Font not found: Always use FreeMono or DejaVu Sans Mono. Menlo is macOS-only.
SurroundingRectangle on point: SurroundingRectangle requires a Mobject, not a coordinate. Use Rectangle(...).move_to(point) instead.
Frame quantization at 15fps: Draft (-ql) can have up to ~0.07s timing drift per animation. Production (-qh) at 60fps reduces this to ~0.017s.
Audio shorter than video: If sum(video) > sum(audio), the final clip will have silent tail. Acceptable if < 0.5s. If larger, trim video with ffmpeg or adjust waits.
Scene transition flash: If Scene N fades out elements that Scene N+1 self.add()s, ensure the last frame of N matches the first frame of N+1. Otherwise a "flash" occurs at the stitch point.

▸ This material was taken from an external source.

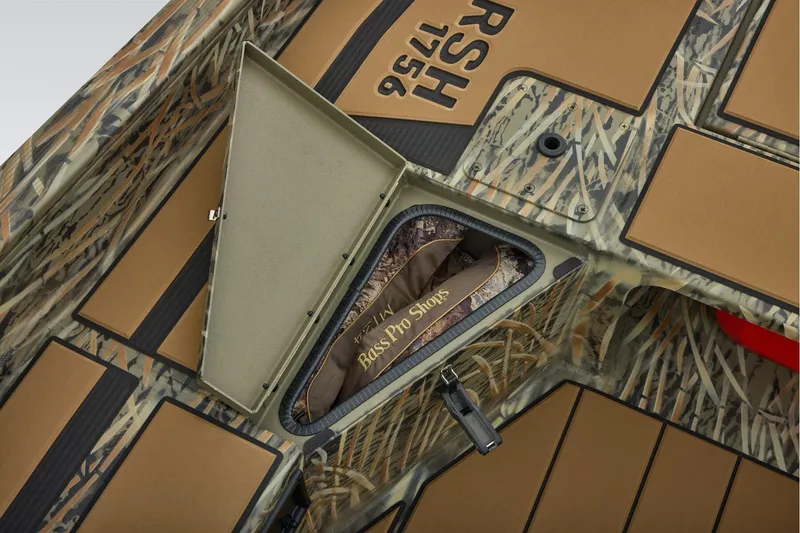 Slide: The Image of Tracker Grizzly 1756 T Marsh 2027 - 29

Polynomial explosion: Taylor polynomials diverge outside the convergence radius. Set y_range wide enough to show the "shrinking" effect visually, or clip x_range to safe bounds.

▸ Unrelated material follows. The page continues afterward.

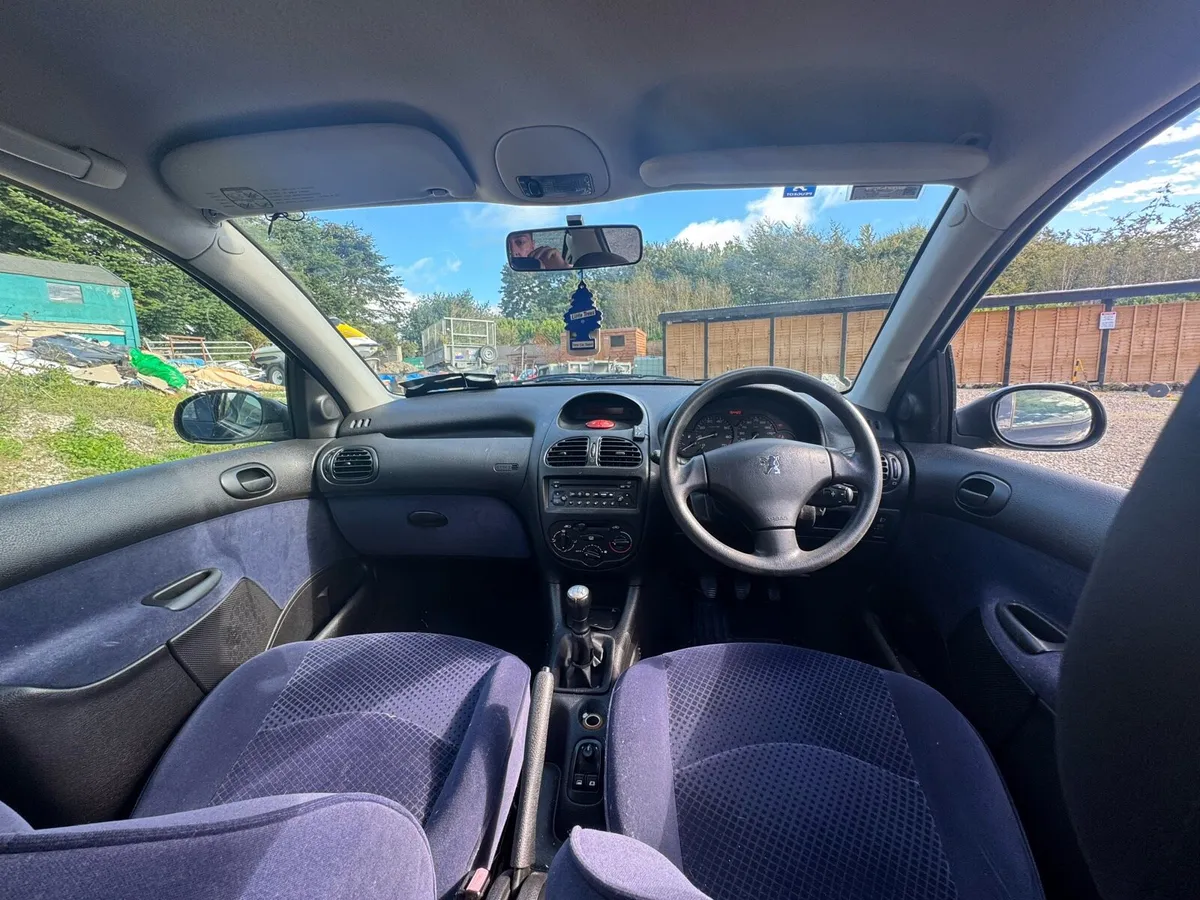Peugeot 206 - Image 2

Kids version feels rushed: If adapting for kids, increase all waits by 50%. Children's processing speed is slower; they need time to connect the metaphor to the math.

Sync Quality Checklist

Each scene's run_time + wait sum matches audio duration within 0.1s
Production render durations verified with ffprobe
No visual flash at scene stitch points
Audio concat duration matches video concat duration within 0.5s
Final mux outputs without -shortest truncation
Both Feishu + Web links tested and accessible